Output exactly, and only, the lines below from the one with "Criza de la" down to the one with "Pressekonferenz des Berliner". Include both end lines and no pictures.

* **EXCERPTED RECORDS**
◇ ◇ ◇
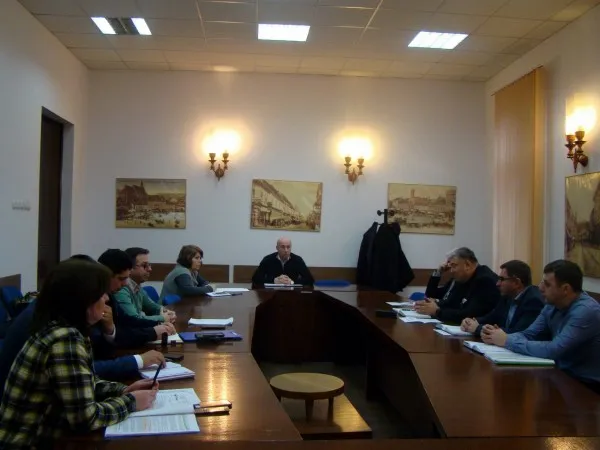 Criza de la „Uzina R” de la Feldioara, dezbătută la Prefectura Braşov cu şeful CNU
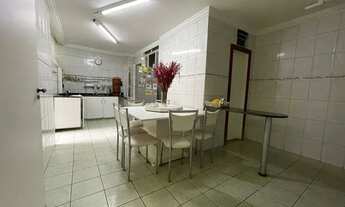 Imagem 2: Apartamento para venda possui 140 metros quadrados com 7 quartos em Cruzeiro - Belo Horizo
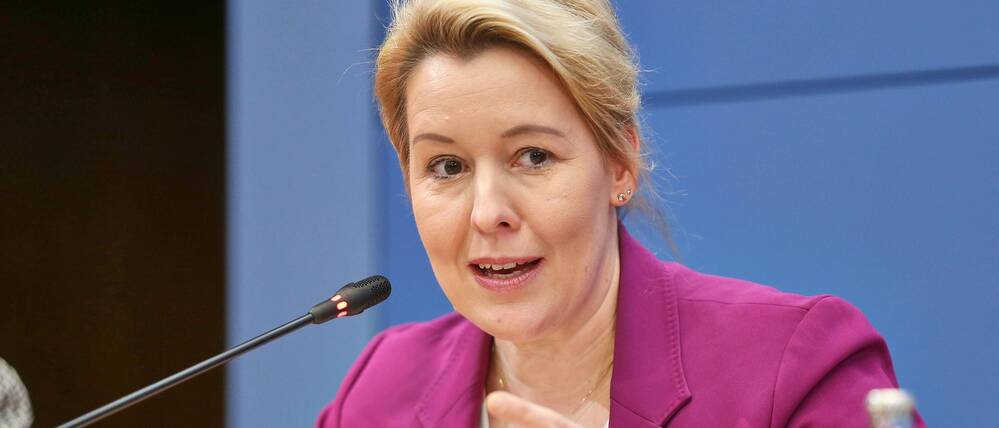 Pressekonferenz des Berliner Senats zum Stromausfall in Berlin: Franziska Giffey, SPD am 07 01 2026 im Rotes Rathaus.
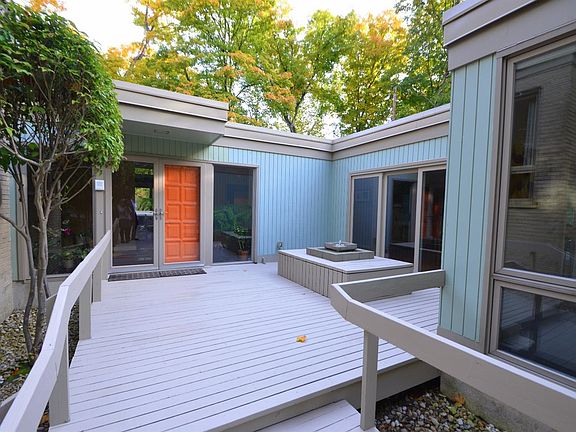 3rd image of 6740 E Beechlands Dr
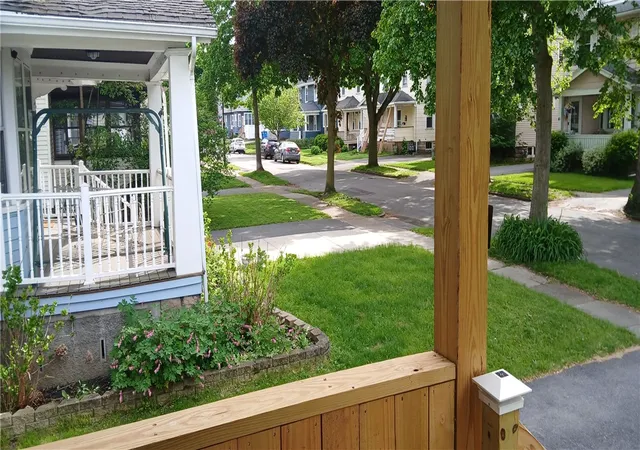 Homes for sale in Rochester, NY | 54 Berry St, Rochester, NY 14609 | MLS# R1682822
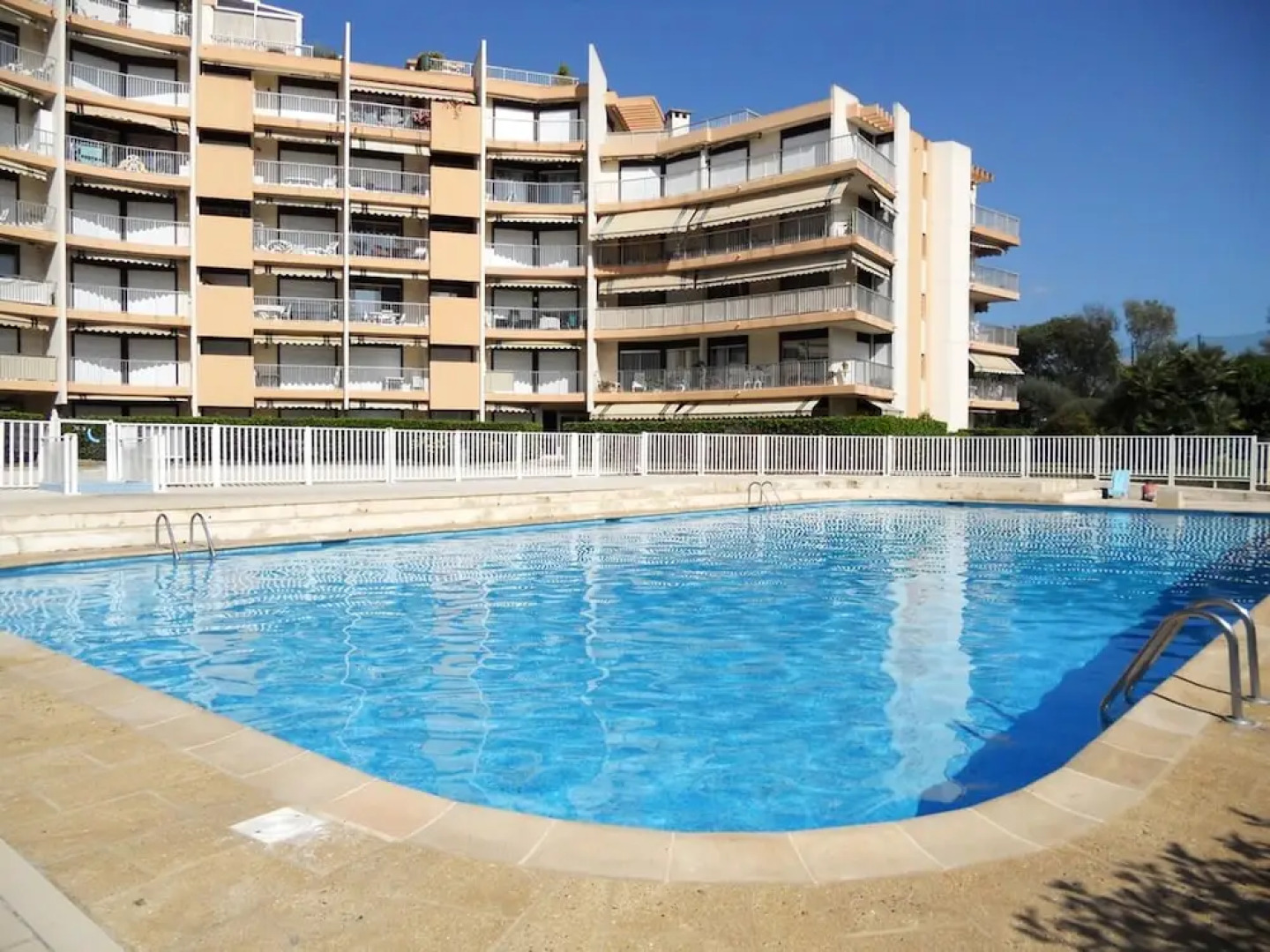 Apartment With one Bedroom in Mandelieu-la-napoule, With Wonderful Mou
◇ ◇ ◇
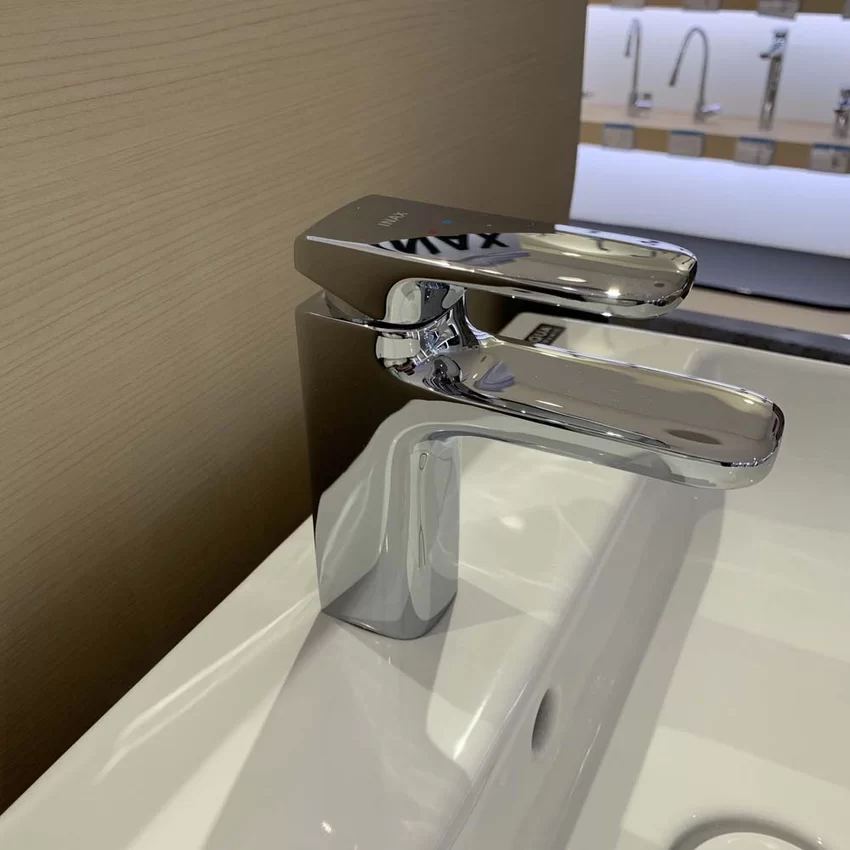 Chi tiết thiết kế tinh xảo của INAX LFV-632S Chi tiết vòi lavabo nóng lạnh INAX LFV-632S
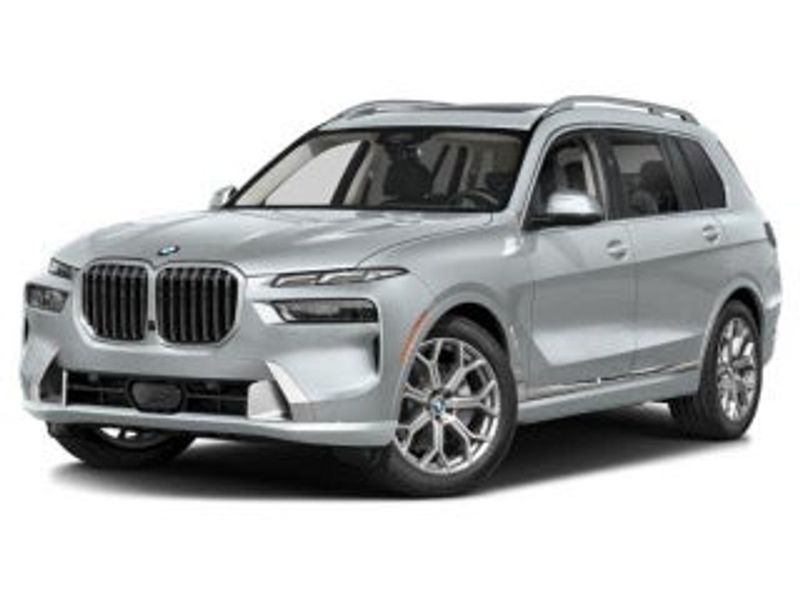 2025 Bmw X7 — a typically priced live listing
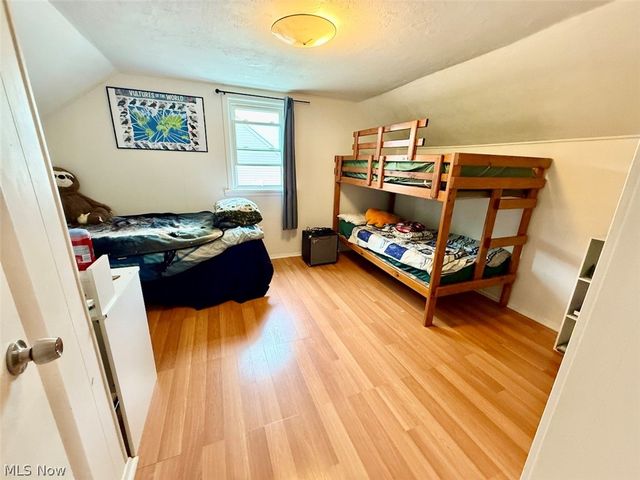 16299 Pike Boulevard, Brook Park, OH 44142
◇ ◇ ◇
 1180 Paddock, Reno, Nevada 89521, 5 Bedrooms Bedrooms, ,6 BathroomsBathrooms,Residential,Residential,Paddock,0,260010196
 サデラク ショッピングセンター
◇ ◇ ◇
* **ANSWER SPACE**
 Criza de la „Uzina R” de la Feldioara, dezbătută la Prefectura Braşov cu şeful CNU
 Imagem 2: Apartamento para venda possui 140 metros quadrados com 7 quartos em Cruzeiro - Belo Horizo
 Pressekonferenz des Berliner Senats zum Stromausfall in Berlin: Franziska Giffey, SPD am 07 01 2026 im Rotes Rathaus.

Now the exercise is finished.